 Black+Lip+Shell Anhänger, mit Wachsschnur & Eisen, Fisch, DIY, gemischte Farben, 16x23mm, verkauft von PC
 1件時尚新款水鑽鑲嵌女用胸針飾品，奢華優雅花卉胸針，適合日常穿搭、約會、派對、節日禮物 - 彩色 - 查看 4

...

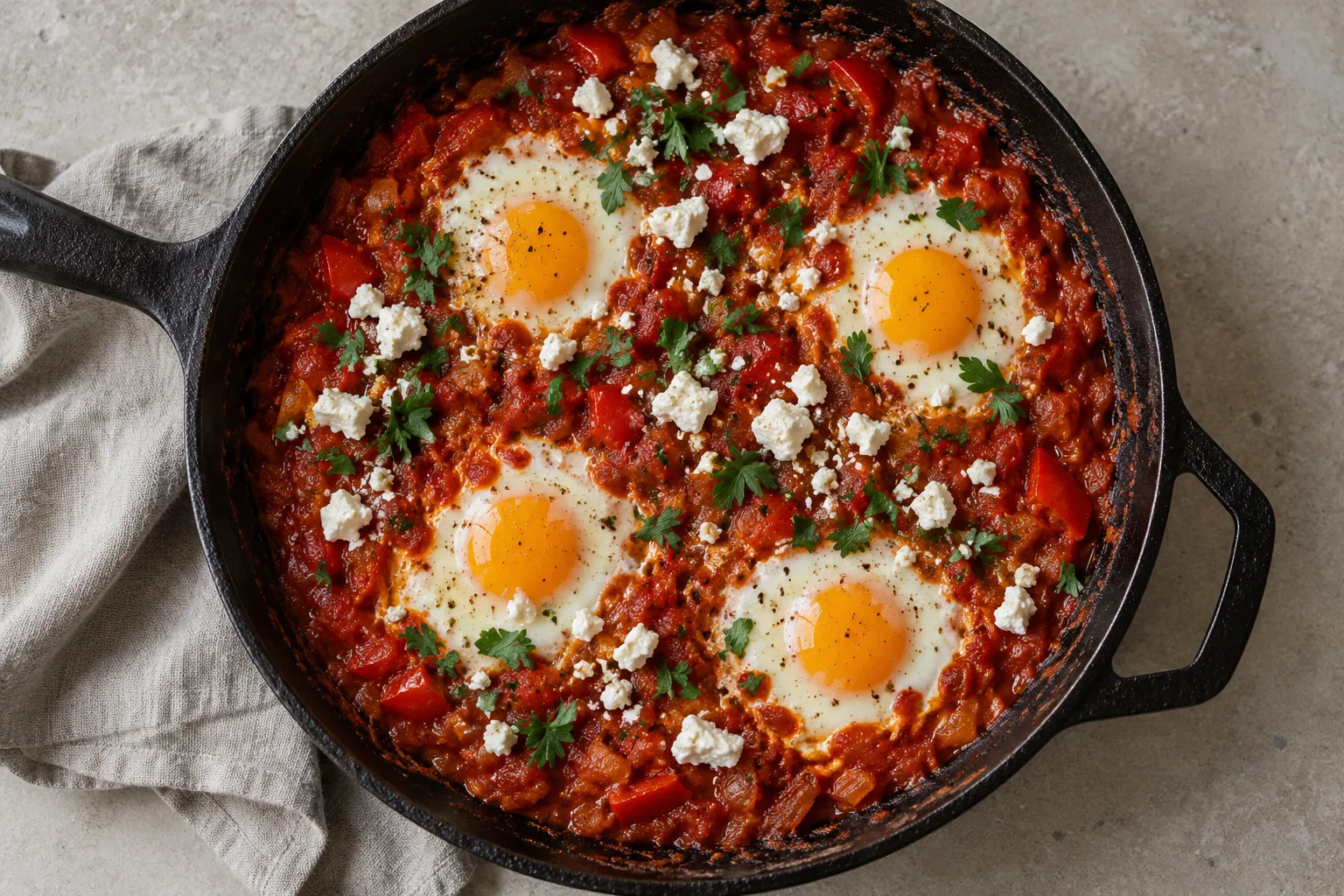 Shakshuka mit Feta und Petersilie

Exercise directions
Look through the data above and return exactly the lines from the one that contains "Black+Lip+Shell Anhänger, mit" to the one that contains "1件時尚新款水鑽鑲嵌女用胸針飾品，奢華優雅花卉胸針，適合日常穿搭、約會、派對、節日禮物 - 彩色", inclusive, with nothing else.

Solution to this problem
 Black+Lip+Shell Anhänger, mit Wachsschnur & Eisen, Fisch, DIY, gemischte Farben, 16x23mm, verkauft von PC
 1件時尚新款水鑽鑲嵌女用胸針飾品，奢華優雅花卉胸針，適合日常穿搭、約會、派對、節日禮物 - 彩色 - 查看 4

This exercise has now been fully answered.